With the season over, it's time to take a look back and examine each player's individual performance. We'll briefly break it down, and then offer a letter grade for the year. It's report cards, Nashville Predators-style, from Blum to Wilson. Next up: Steve Sullivan.
|2010 - Steve Sullivan||44||10||12||22||4||28||3||0||1||79||12.7|
Today's report card comes from AJ in Nashville, proprietor of Pull My (Fang) Finger and one of the most eloquent bloggers (hockey or otherwise) in captivity. When he's not at Bridgestone Arena cheering on the Preds (where he's been a season ticket holder for ages), he's putting me to shame with one of most well-manicured lawns in our neighborhood. Make sure to follow him on Twitter at @ajinnashville, and follow after the jump for the scoop on Sully...
The Skinny: There aren't a whole lot of stories in Nashville Predators history that better qualify as ‘legend' than that of the arrival of Steve Sullivan in February 2004, when he scored a power play hat trick in very his first game with the team. That offensive spark turned out to be Nashville's elusive ‘missing ingredient' that would vault them into the playoffs for the first time in their history that season. However, with the very next season of play through to the present, Sully would begin a difficult circumnavigation through fits and starts of health and injury.
After missing portions or all of three consecutive NHL seasons due to back issues from 2006-07 through 2008-09, Sullivan returned healthy and strong in 2009-10. He tied for the team lead in points with 51, playing in all 82 games for just the second time in his 13-year NHL career. Hopes were high that he could again become the consistent scorer the Preds have so desperately lacked in recent years. However, 2010-11 would be yet another injury-abbreviated campaign for the Timmins, Ontario native.
The Performance: Despite a hot start that saw him register four goals and an assist in the first three games of 2010-11, Sullivan would suffer a sports hernia injury in December and finish the regular season with the second-fewest games played of any Predators regular. Only Cal O'Reilly's 38 games in the lineup were fewer than Sully's 44. Nonetheless, when he was healthy, Sullivan's half-a-point-per-game average, with 11 goals, 12 assists, and 22 points overall indicates that he still has what it takes to be a contributing member of the team. Although noticeably rusty-looking upon his return to the lineup during the playoffs, the Predators' Alternate Captain also acquitted himself well, adding secondary scoring versus Anaheim and Vancouver with a pair of goals and an assist in nine games played before going down once again - this time to a leg injury in Game Four of the Western Conference Semifinals.
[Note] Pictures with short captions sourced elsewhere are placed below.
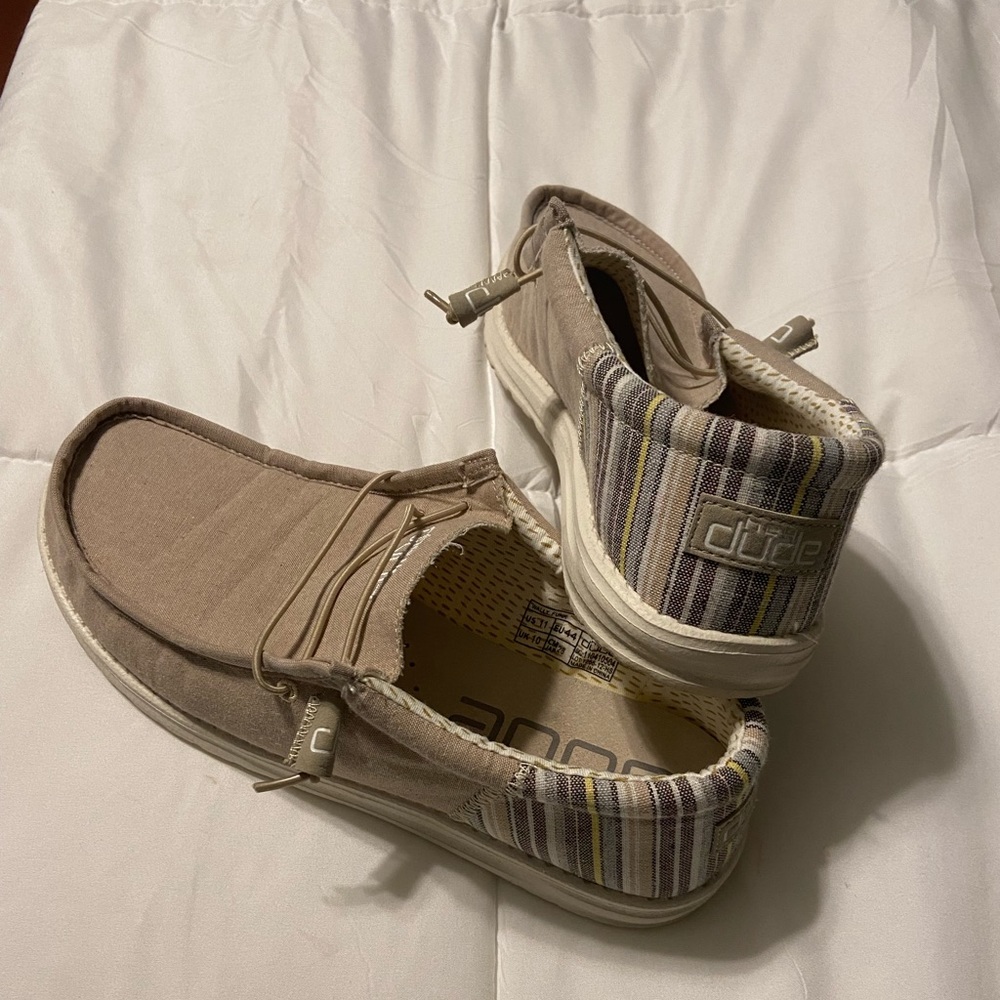 Hey Dude Wally Funk sz 11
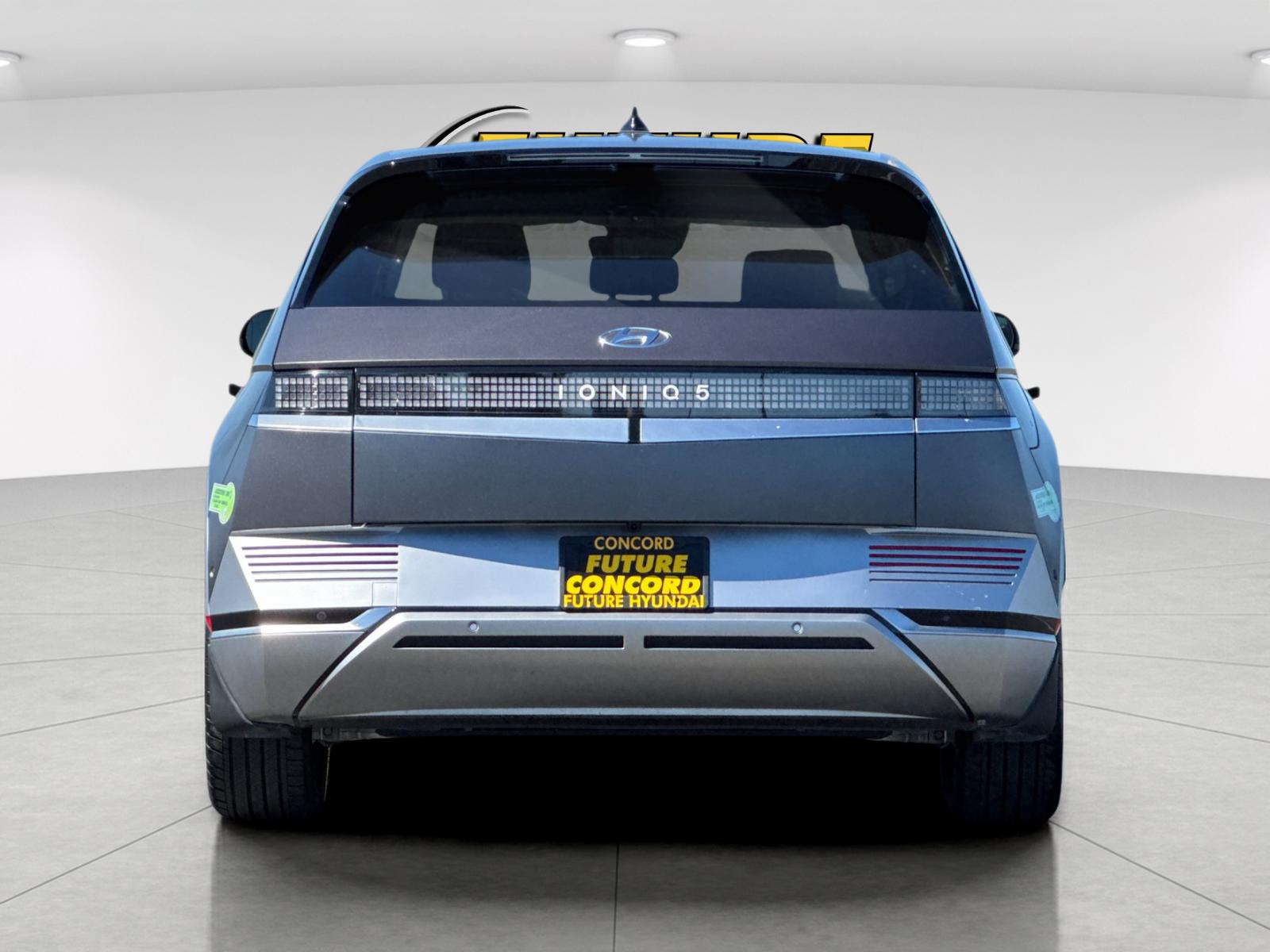 Used 2023 Gray Hyundai Limited image 4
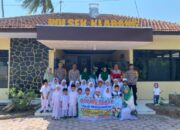 Siswa/wi TK Nurus Shobur Desa Besuk Kunjungi Kantor Polsek Klabang
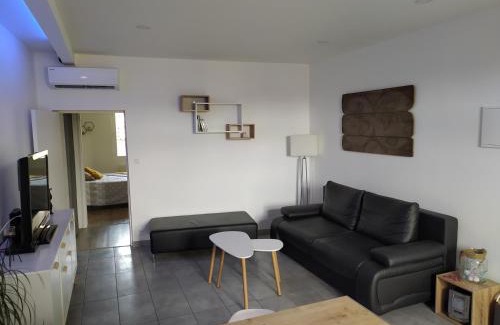 Lunel Apartment | "Antre Nous" au Cœur de Lunel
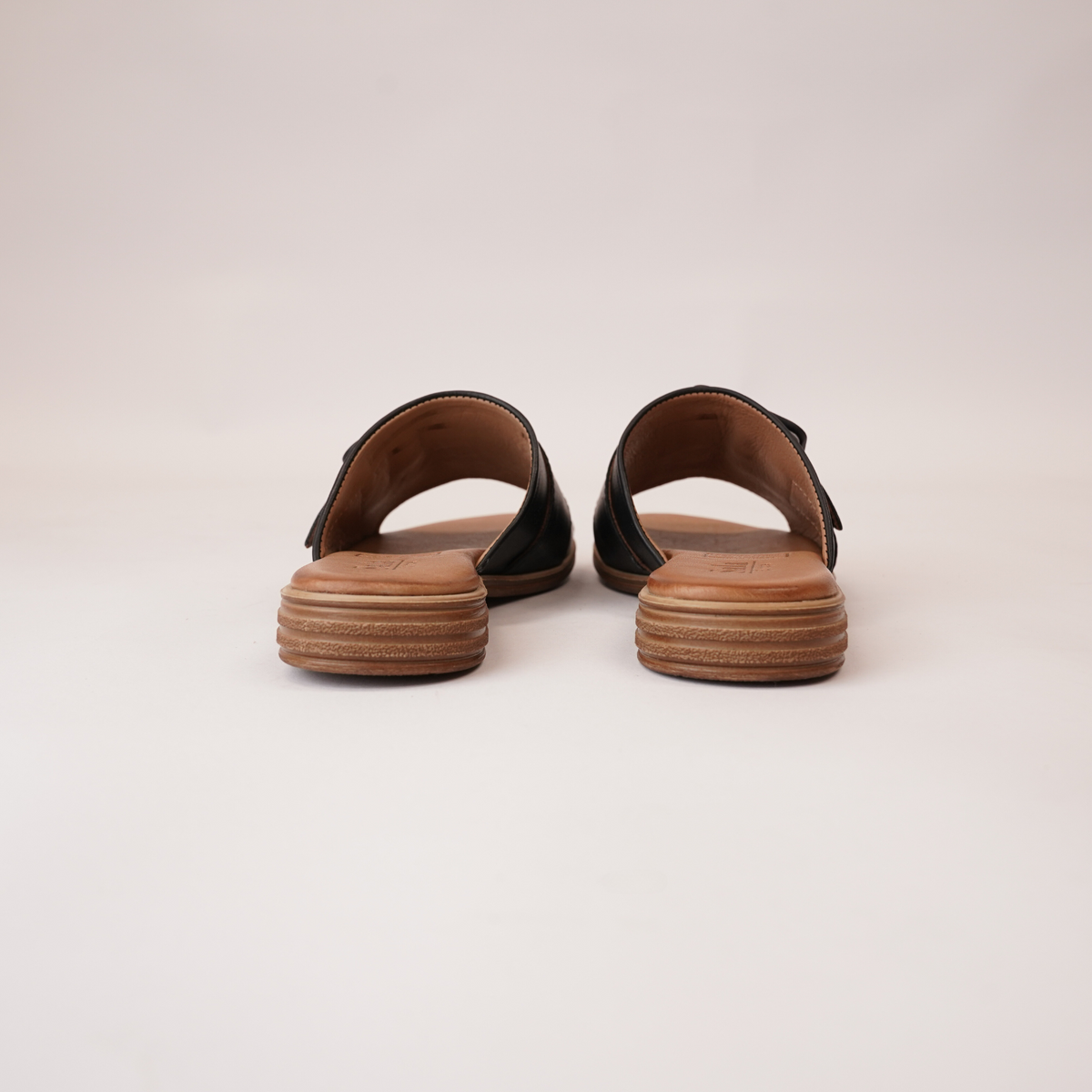 Miley Black Leather Slides - SALA | Shouz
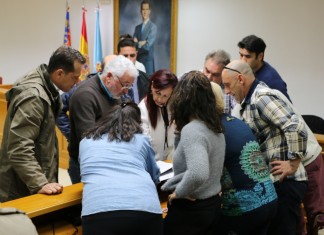 El alcalde mantiene una reunión informativa con los hosteleros de la playa del Acequión
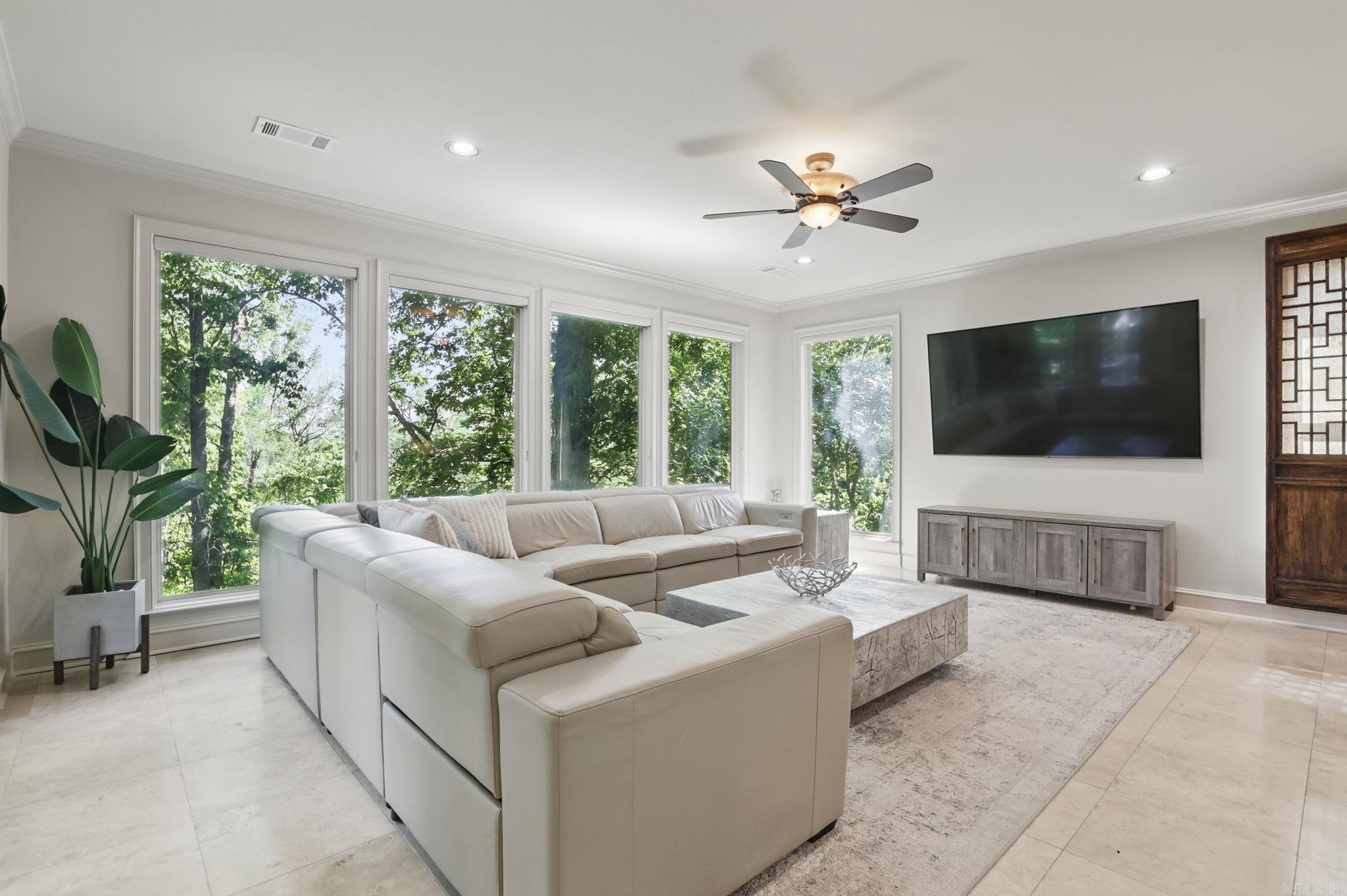 33 Greathouse Bend Drive  Little Rock, AR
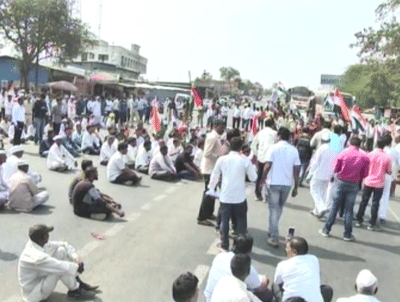 अण्णांच्या समर्थनार्थ ग्रामस्थ रस्त्यावर, नगर-पुणे हायवे रोखला!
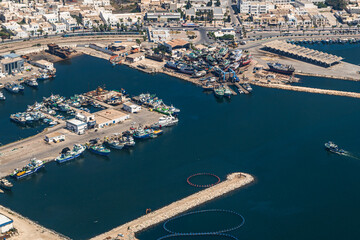 Canvas Print - Aerial view of the Tunisian coast and the city of Mahdia.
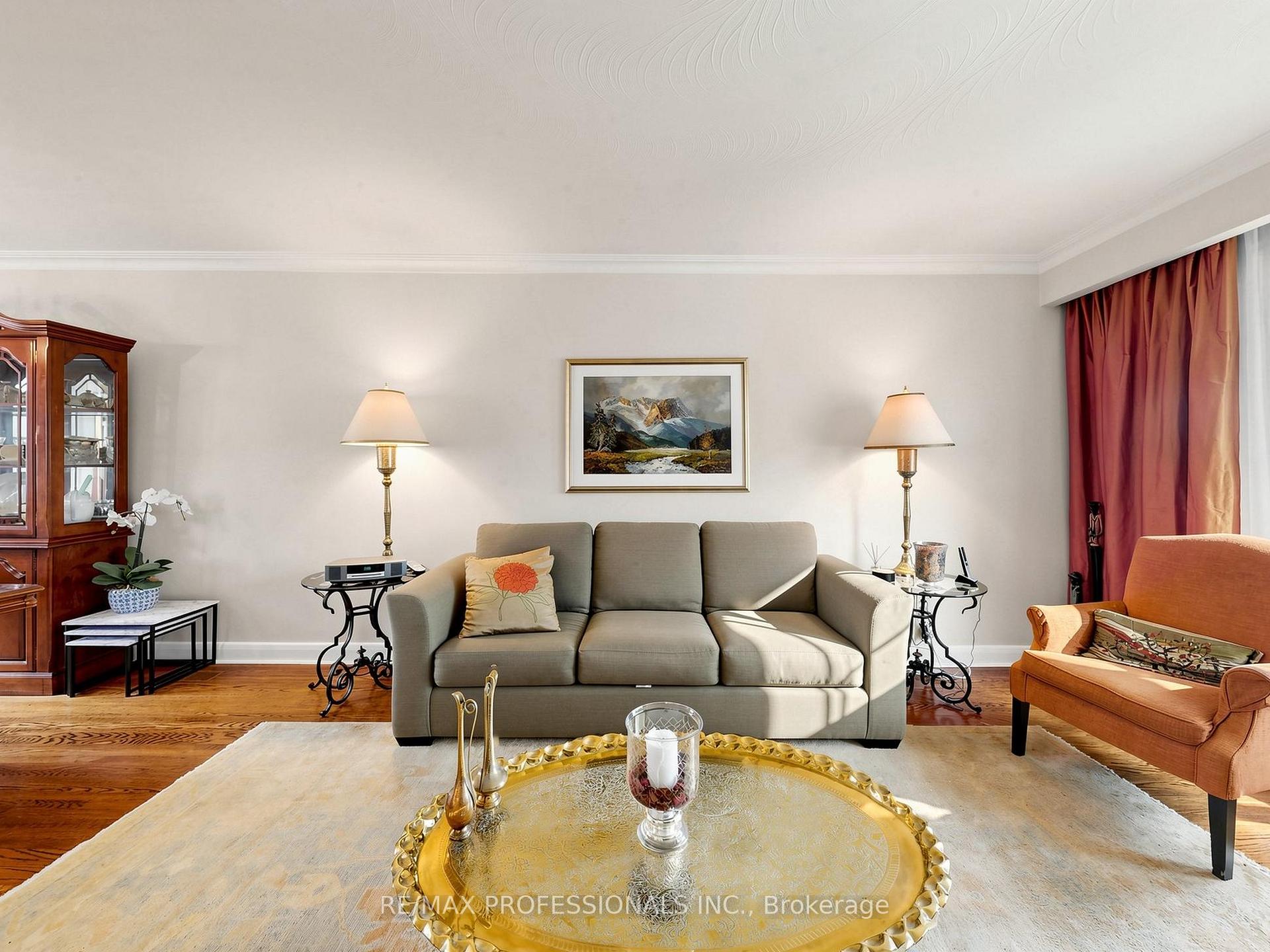 Photo 4 of 24 Breadner Drive, Etobicoke, Willowridge-Martingrove-Richview — HOMEH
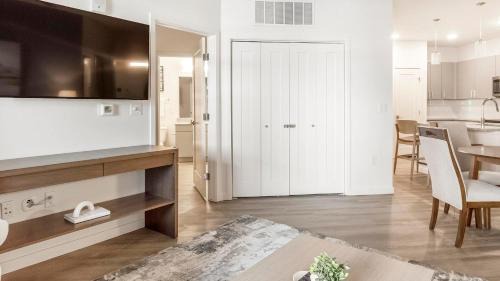 Northgate Apartment | Landing Incredible 2BD Pool Gym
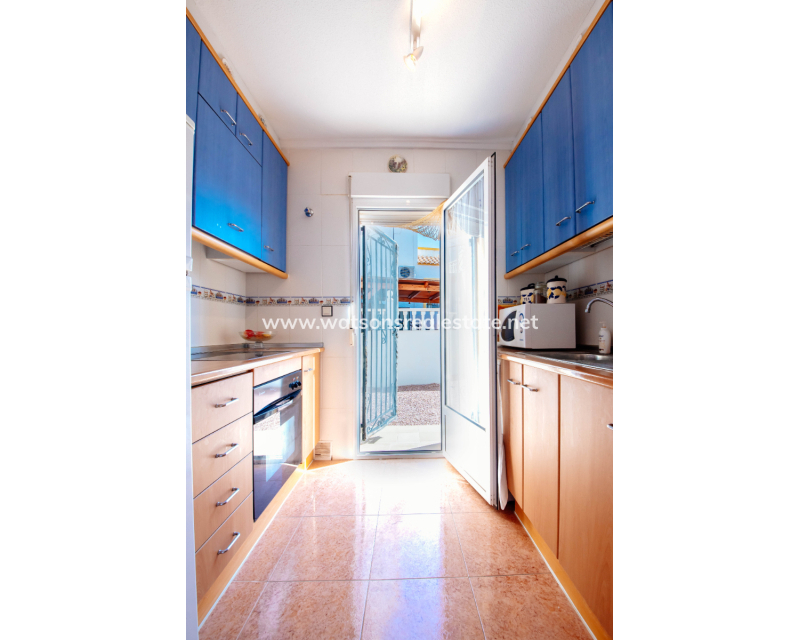 Resale - Quad - Urb. La Marina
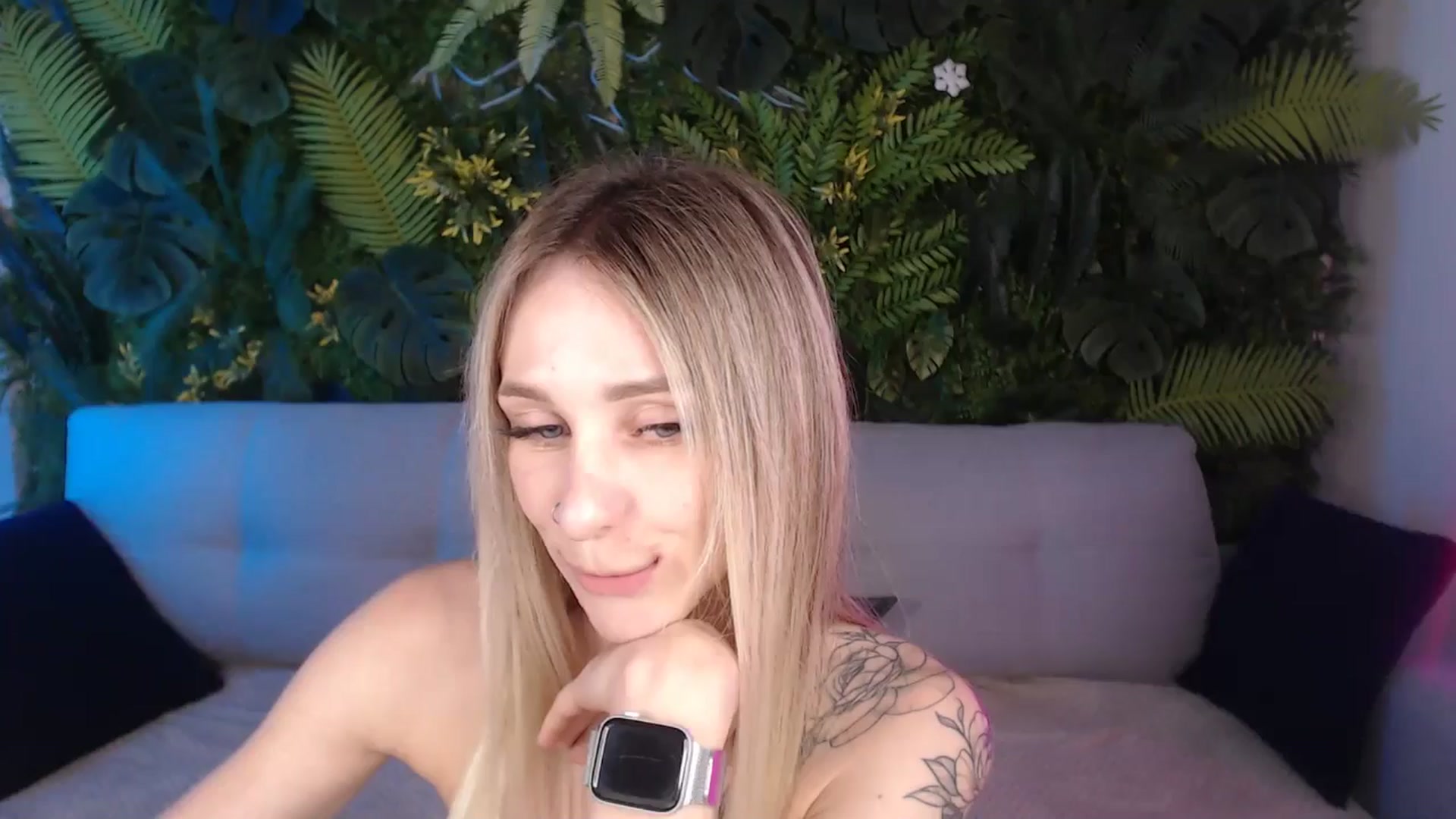 Gallery image thumbnail from Horny_Blond's myfreecams stream on, 07/30/2024, 10:15 image 2 of 20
The Grade: Sullivan's two-year, $3.7 million per season contract has now expired, making him an unrestricted free agent. It is a well-known fact that Nashville is now home to him and his family. What isn't so obvious is whether or not Sullivan can ever again be a first or second line player. During his brief return to the lineup in the playoffs, he still proved that he can be a valuable asset on the third line, however. If Sullivan's desire to remain a Predator is greater than the urge to take ‘one more shot' at a Cup with another contending team, I see him re-signing with the club at a reduced, ‘hometown' rate for one or two more years.
Last Friday, as a guest on the Wake Up Zone morning radio show, on Nashville's 104.5 The Zone, Co-host Kevin Ingram asked Steve to put on his "General Manager's cap" and talk about whether or not Preds GM David Poile might be thinking about bringing the 36 year-old winger back next season.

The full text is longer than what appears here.